PJM, ERCOT, NYISO, ISO-NE, MISO, SPP, CAISO. All 7.
They’d built those relationships by sitting inside their clients’ operations: scheduling, nominations, settlements, compliance. The work that keeps the lights on and the margins intact.
So we had SoftSmiths with a decade of ETRM software, and Risk360 with deep operational relationships across every deregulated market in the US. Different histories, different strengths.
And when we sat down to figure out what we were building together, one thing was clear: we needed an MTP that matched the transformation we’re in the middle of as a company, and aligned with the transformation the entire energy grid is undergoing.
We’re still defining our MTP. That’s an exciting place to be.
The grid is changing faster than at any point in our careers. Our company is changing with it. The MTP we land on has to be bigger than either organization’s history. It has to pull us forward into what energy is becoming.
That search is what gave us ennrgy.com.
The market needs its own MTP moment
Here’s what I’ve been thinking about. The deregulated energy market is going through an identity crisis.
For years, the REP playbook was straightforward. Buy wholesale, hedge your position, set your rates, manage your margins.
Spreadsheets and good instincts. That worked when the grid was simpler.
But the grid got complicated. Fast. Distributed energy resources are everywhere.
Battery storage is reshaping supply and demand curves. Virtual power plants are turning residential rooftops and garage batteries into dispatchable assets.
ERCOT alone has seen a surge of DER participation in the last 2 years.
REPs are making decisions that didn’t exist 5 years ago. How do you price against a competitor whose cost structure includes battery arbitrage revenue? How do you model risk when your supply curve includes intermittent solar and behind-the-meter storage?
Cooperatives face a different version of the same question. A co-op in the Midwest might have members installing rooftop solar and home batteries. The business model for aggregating those assets into a VPP is still being written.
A few years ago, most co-op boards hadn’t heard the term “virtual power plant.” Now they’re evaluating whether to build one.
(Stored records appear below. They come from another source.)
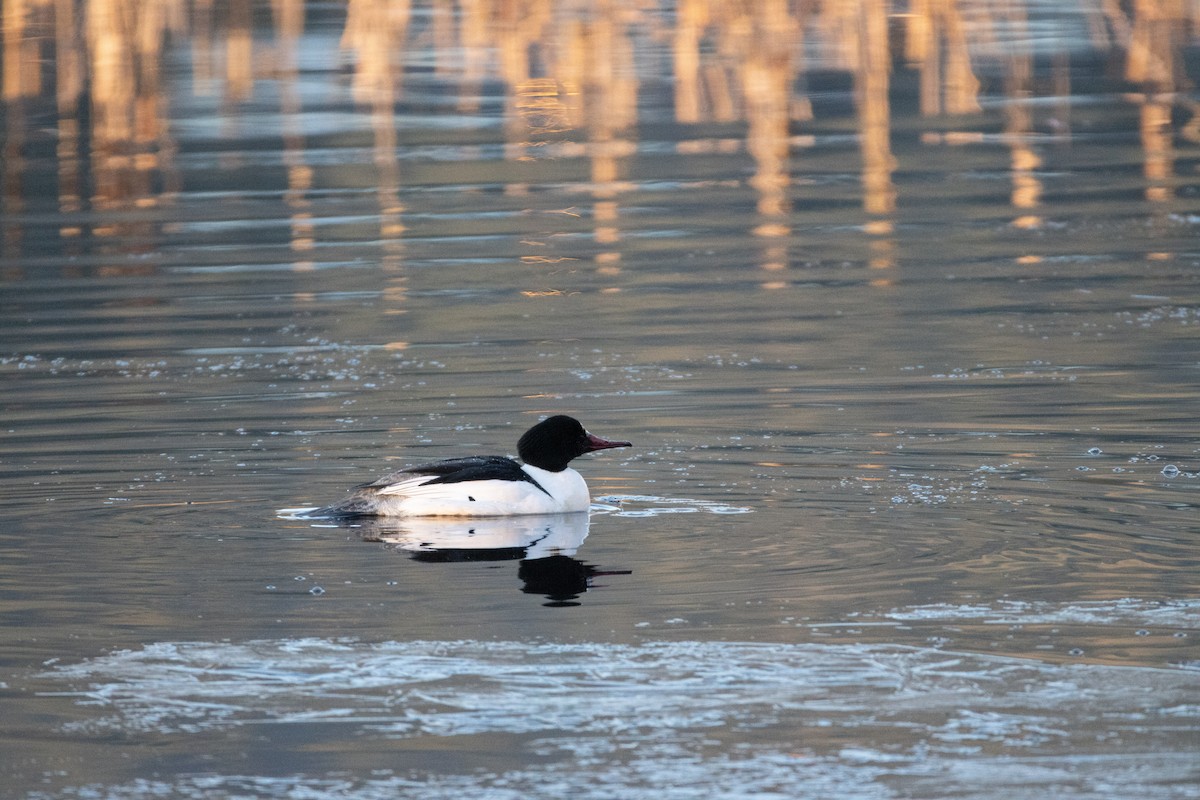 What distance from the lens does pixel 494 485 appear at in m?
9.23

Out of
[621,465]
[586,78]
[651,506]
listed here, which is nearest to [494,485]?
[651,506]

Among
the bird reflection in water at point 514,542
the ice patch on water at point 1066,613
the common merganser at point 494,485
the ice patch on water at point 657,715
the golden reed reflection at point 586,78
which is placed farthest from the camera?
the golden reed reflection at point 586,78

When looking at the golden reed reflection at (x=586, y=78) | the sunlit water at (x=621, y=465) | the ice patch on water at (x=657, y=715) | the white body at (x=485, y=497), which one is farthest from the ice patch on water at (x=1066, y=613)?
the golden reed reflection at (x=586, y=78)

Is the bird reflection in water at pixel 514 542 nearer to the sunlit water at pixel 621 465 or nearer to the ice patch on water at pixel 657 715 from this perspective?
the sunlit water at pixel 621 465

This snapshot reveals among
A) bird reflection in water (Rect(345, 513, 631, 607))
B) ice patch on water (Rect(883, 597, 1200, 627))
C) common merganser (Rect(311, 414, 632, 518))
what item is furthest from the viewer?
common merganser (Rect(311, 414, 632, 518))

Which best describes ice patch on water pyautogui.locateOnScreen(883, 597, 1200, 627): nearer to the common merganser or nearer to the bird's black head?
the common merganser

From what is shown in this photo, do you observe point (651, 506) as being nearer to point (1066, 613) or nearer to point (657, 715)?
point (1066, 613)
Every corner of the deregulated market is hitting the same wall. The complexity outgrew the tools.
Survival and thriving both require purpose
The companies that make it through this transition will be the ones that define their MTP clearly.
A cooperative might frame theirs around energy sovereignty: giving members real control, maybe even aggregating rooftop solar and home batteries into a VPP. A REP in ERCOT or PJM might anchor to pricing clarity their commercial customers have never had.
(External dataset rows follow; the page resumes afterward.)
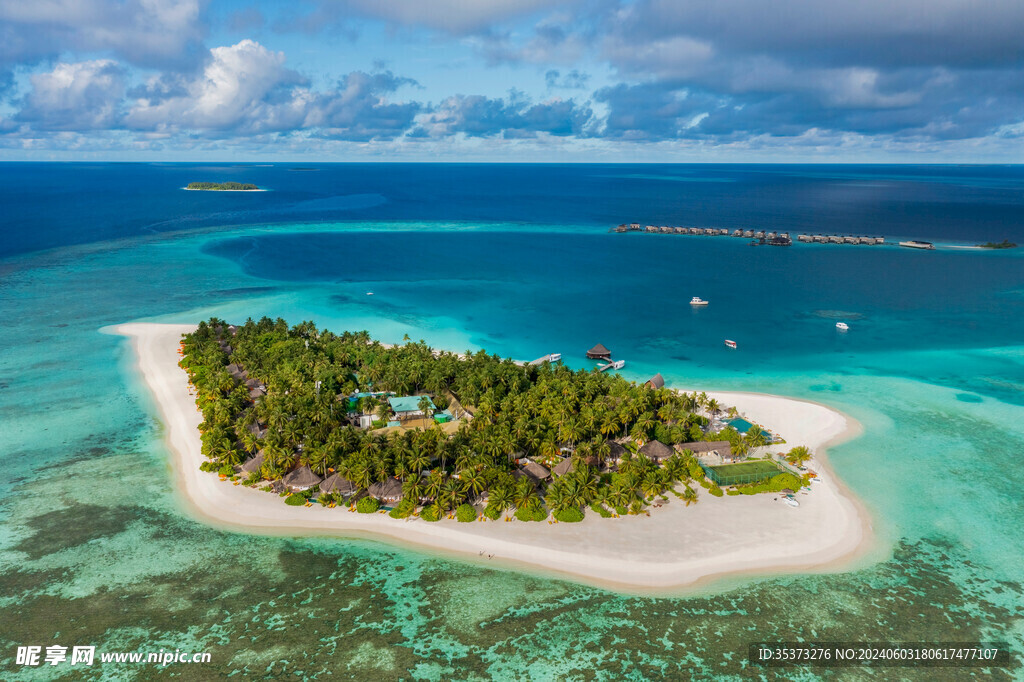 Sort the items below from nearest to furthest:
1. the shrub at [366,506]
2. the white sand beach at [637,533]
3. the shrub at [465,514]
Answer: the white sand beach at [637,533] < the shrub at [465,514] < the shrub at [366,506]

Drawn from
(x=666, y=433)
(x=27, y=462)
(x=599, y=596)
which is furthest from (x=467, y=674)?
(x=27, y=462)

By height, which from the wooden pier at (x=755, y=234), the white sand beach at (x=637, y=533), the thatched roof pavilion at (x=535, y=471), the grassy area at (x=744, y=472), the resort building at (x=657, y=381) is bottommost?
the white sand beach at (x=637, y=533)

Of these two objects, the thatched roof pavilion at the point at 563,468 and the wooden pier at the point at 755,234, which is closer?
the thatched roof pavilion at the point at 563,468

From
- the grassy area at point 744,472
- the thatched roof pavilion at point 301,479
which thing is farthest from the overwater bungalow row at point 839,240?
the thatched roof pavilion at point 301,479

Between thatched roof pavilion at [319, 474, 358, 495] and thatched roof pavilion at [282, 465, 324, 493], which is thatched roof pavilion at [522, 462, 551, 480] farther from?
thatched roof pavilion at [282, 465, 324, 493]

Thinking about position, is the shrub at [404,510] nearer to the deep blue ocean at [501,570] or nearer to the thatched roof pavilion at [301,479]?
the deep blue ocean at [501,570]

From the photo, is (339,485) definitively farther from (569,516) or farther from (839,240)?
(839,240)

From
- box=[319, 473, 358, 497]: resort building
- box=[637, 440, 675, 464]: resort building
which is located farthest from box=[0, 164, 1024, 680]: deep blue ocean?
box=[637, 440, 675, 464]: resort building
At ennrgy.com, we’re building toward that north star. Two organizations with combined decades of energy market experience, working under one roof for the first time.
Headroom Intel monitors 41 utilities and 168 rate codes daily so our clients can see exactly where they’re competitive. Our Asset Optimizer is live in ERCOT, working with Abundance Energy to dispatch battery assets against real-time market conditions.
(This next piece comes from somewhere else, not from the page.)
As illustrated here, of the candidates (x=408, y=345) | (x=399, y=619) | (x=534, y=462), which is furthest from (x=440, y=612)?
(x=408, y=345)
Our managed ARR bidding captured $13.4 million in value last year at 97.25% of the theoretical maximum. Our Expert Managed Services team runs scheduling and settlements 365 days a year for clients who’d rather focus on their customers.
Every one of those capabilities points in the same direction. When we land on our MTP, it’ll tie them all together.
Start the conversation
Ismail wrote that an MTP creates “cultural glue” that holds organizations together through rapid change. In an industry being reshaped by DERs, batteries, VPPs, and shifting regulations, that glue matters.
It’s what pulled SoftSmiths and Risk360 together. It’s what keeps our team focused when the product roadmap gets long. And it’s what we’re working to articulate right now.
If your organization hasn’t defined its MTP, start that conversation. The companies that know why they exist make better decisions about what to build next.
And in energy, the decisions are only getting harder.